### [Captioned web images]
- Opening Delimiter -

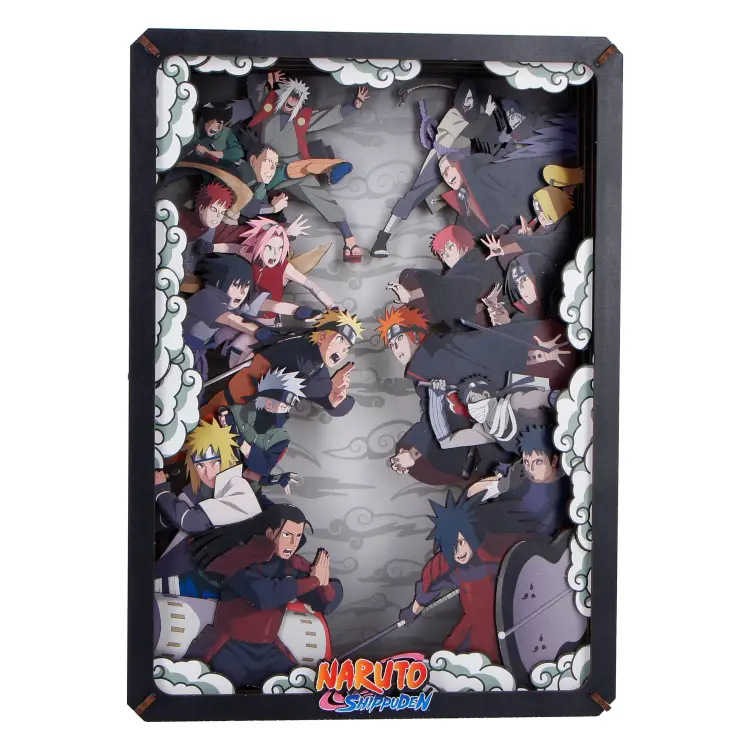 Nemesis - NARUTO - Combat - Wooden Theatre (Large)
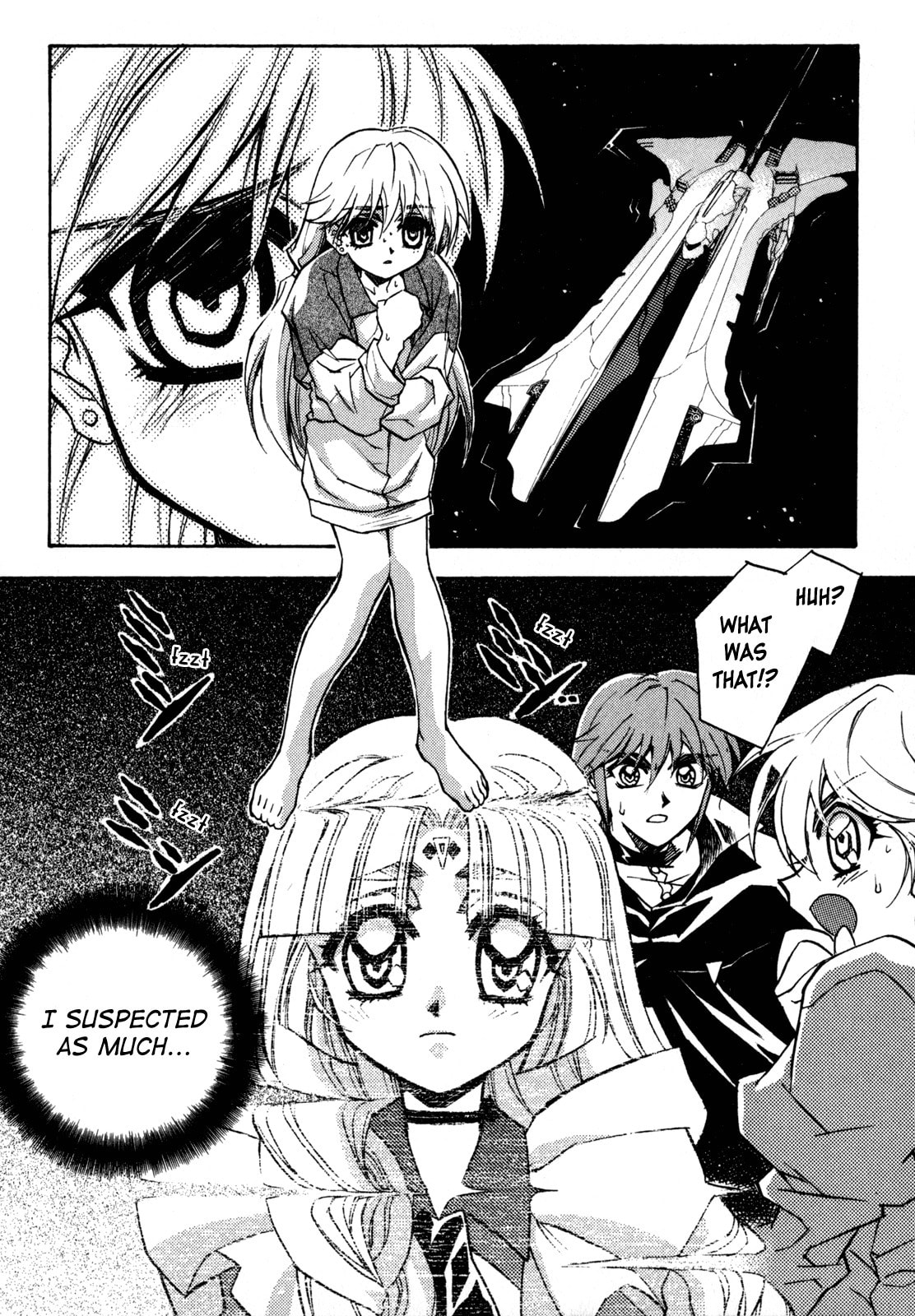 Lost Universe Chapter 3 page 26 - 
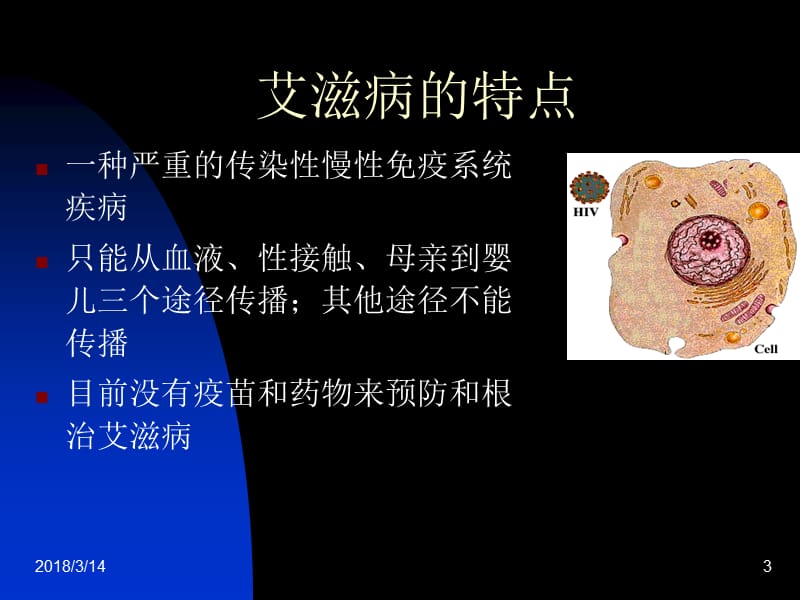 艾滋病基本知识医学PPT_第3页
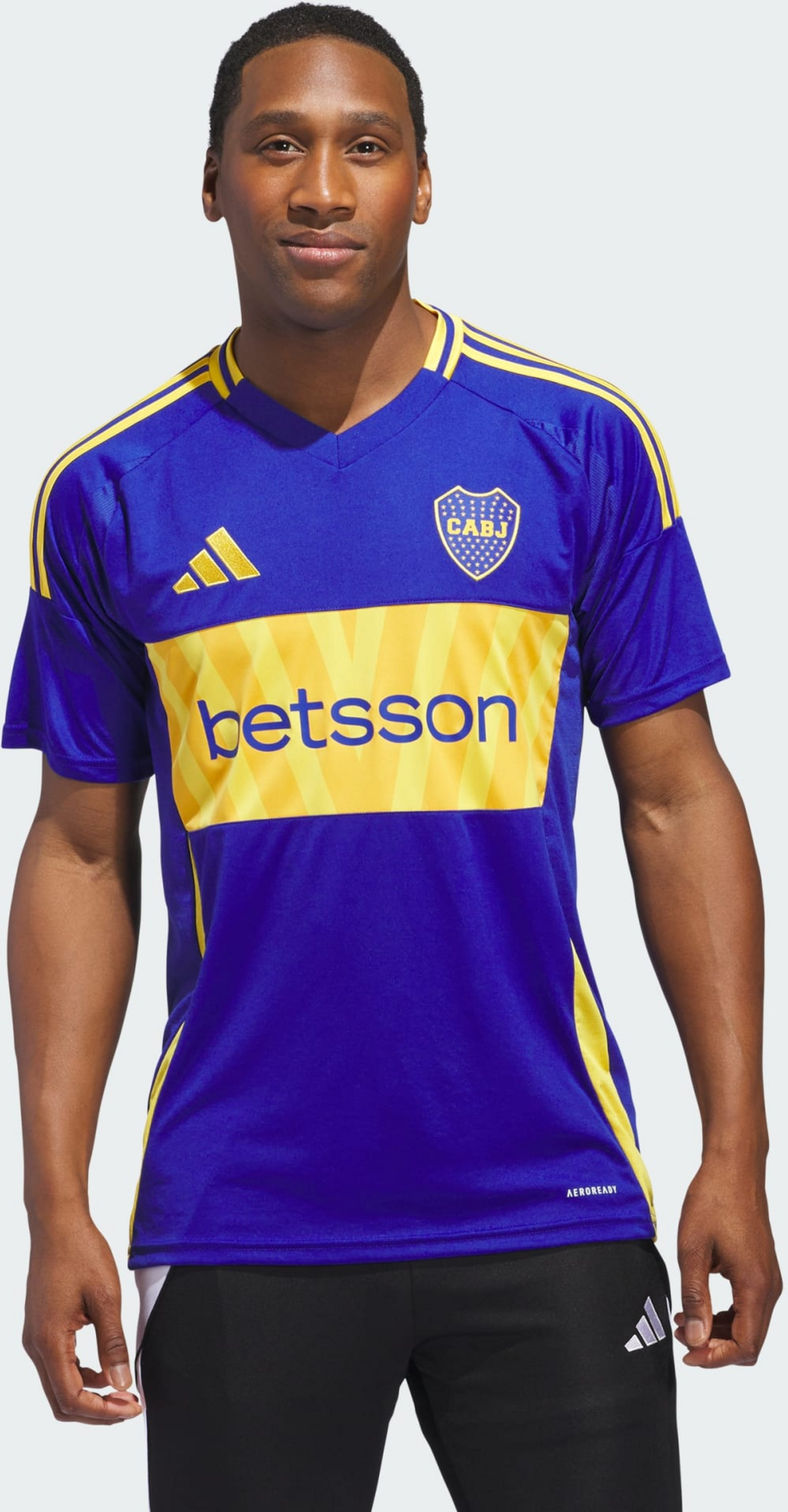 ADIDAS, Adidas Boca Juniors 24/25 Hemmatröja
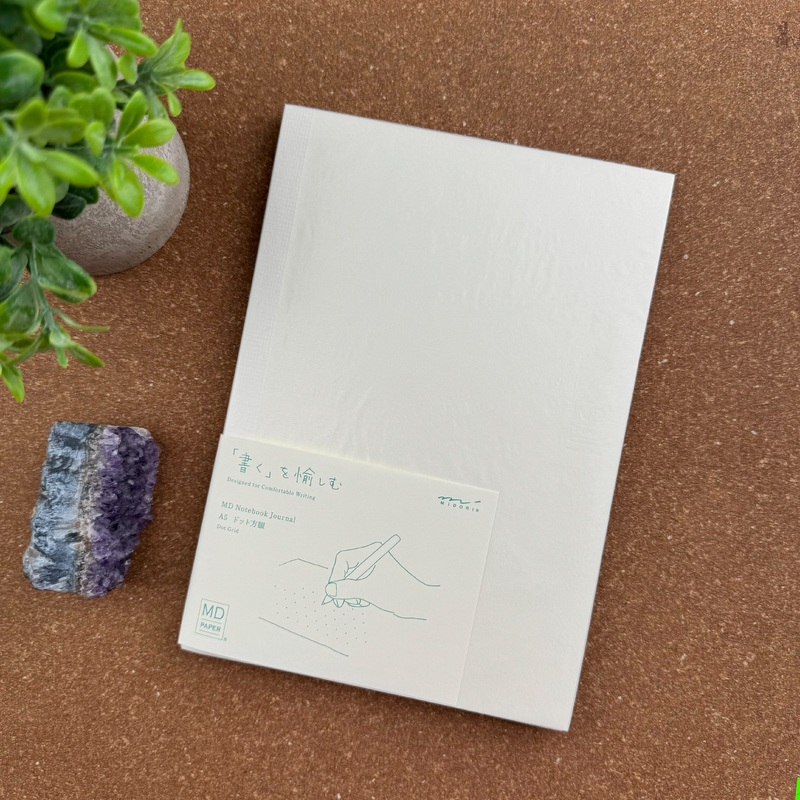 Midori MD Notebook Journal – Dot Grid – A5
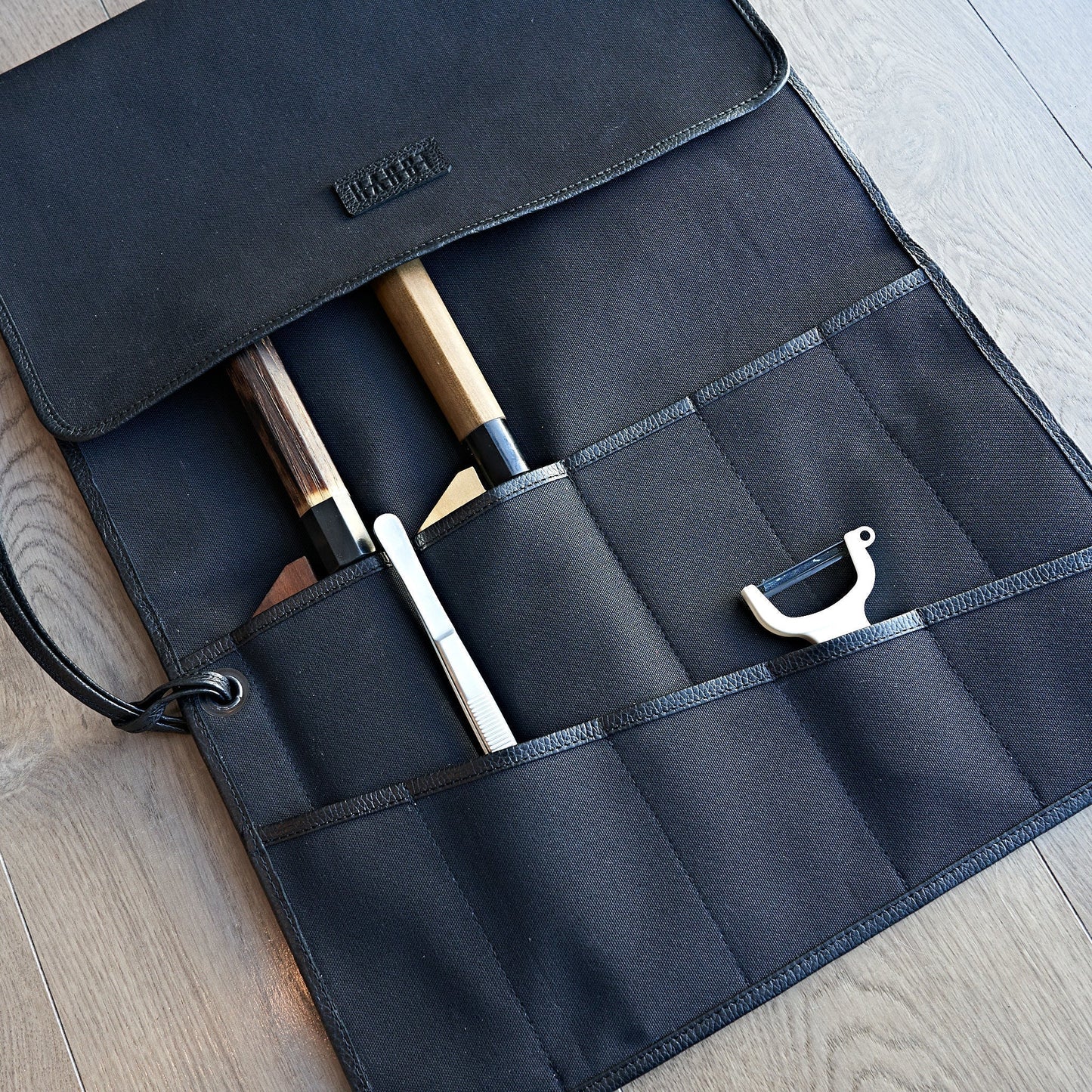 Hardt Asphyx Canvas Black Large Knife Bag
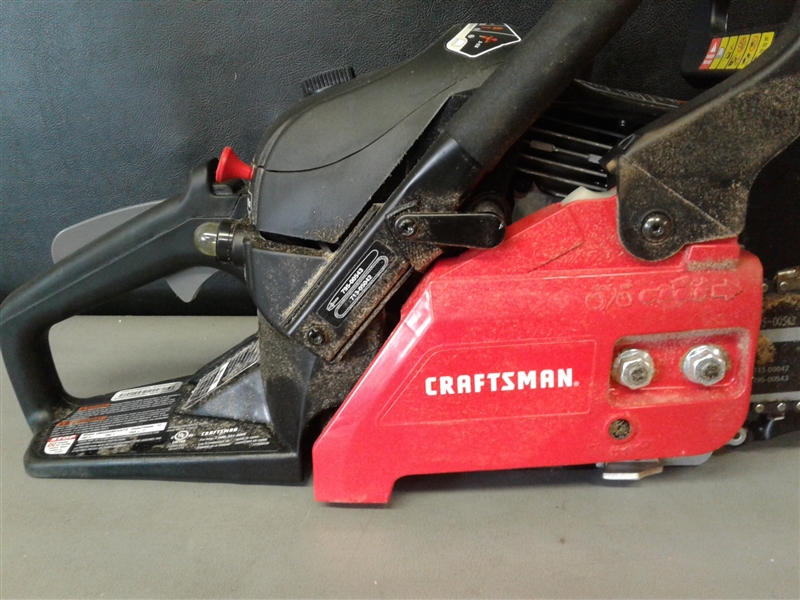 Craftsman 18 Chainsaw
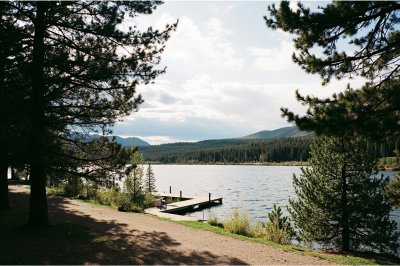 AI-generated travel thumbnail for Evergreen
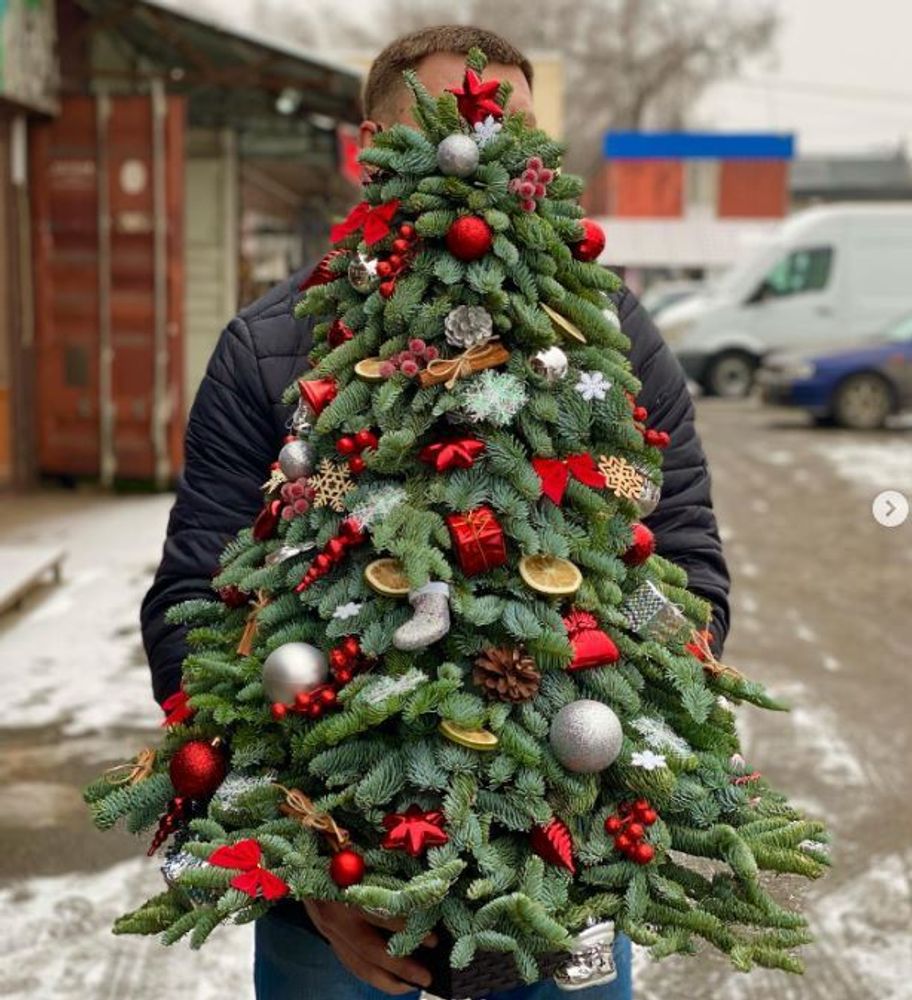 Новогодняя ёлка большая &quot;Holiday fir-tree Large two&quot;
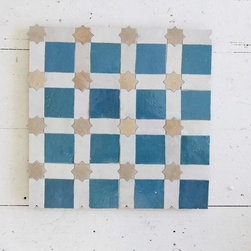 Tiles of Ezra Indent Zellige range - Mosaic Tiles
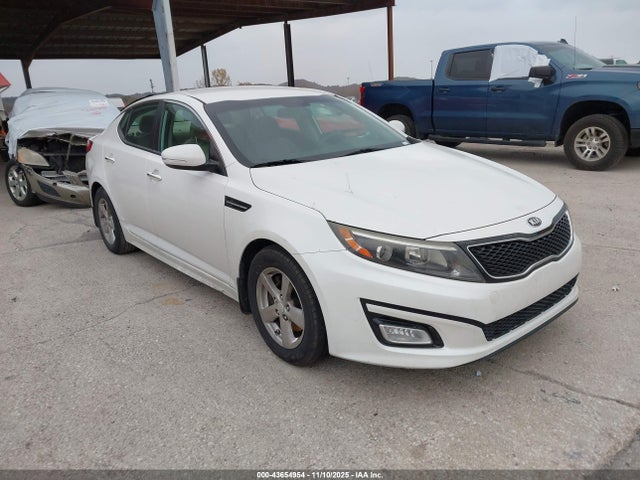 2015 KIA OPTIMA LX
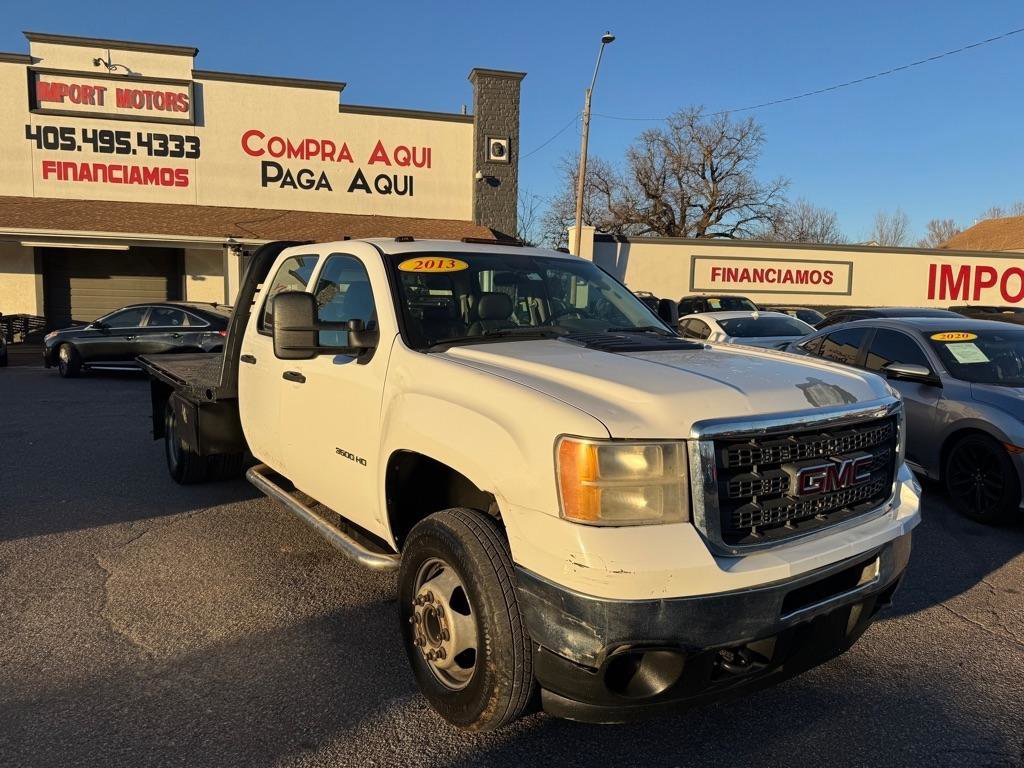 Used 2013 GMC Sierra 3500 W/T image 3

- Closing Delimiter -

### [Work item]
The expected answer is the data retyped exactly, without pictures.

### [Answer to the exercise]
 Nemesis - NARUTO - Combat - Wooden Theatre (Large)
 Lost Universe Chapter 3 page 26 - 
 艾滋病基本知识医学PPT_第3页
 ADIDAS, Adidas Boca Juniors 24/25 Hemmatröja
 Midori MD Notebook Journal – Dot Grid – A5
 Hardt Asphyx Canvas Black Large Knife Bag
 Craftsman 18 Chainsaw
 AI-generated travel thumbnail for Evergreen
 Новогодняя ёлка большая &quot;Holiday fir-tree Large two&quot;
 Tiles of Ezra Indent Zellige range - Mosaic Tiles
 2015 KIA OPTIMA LX
 Used 2013 GMC Sierra 3500 W/T image 3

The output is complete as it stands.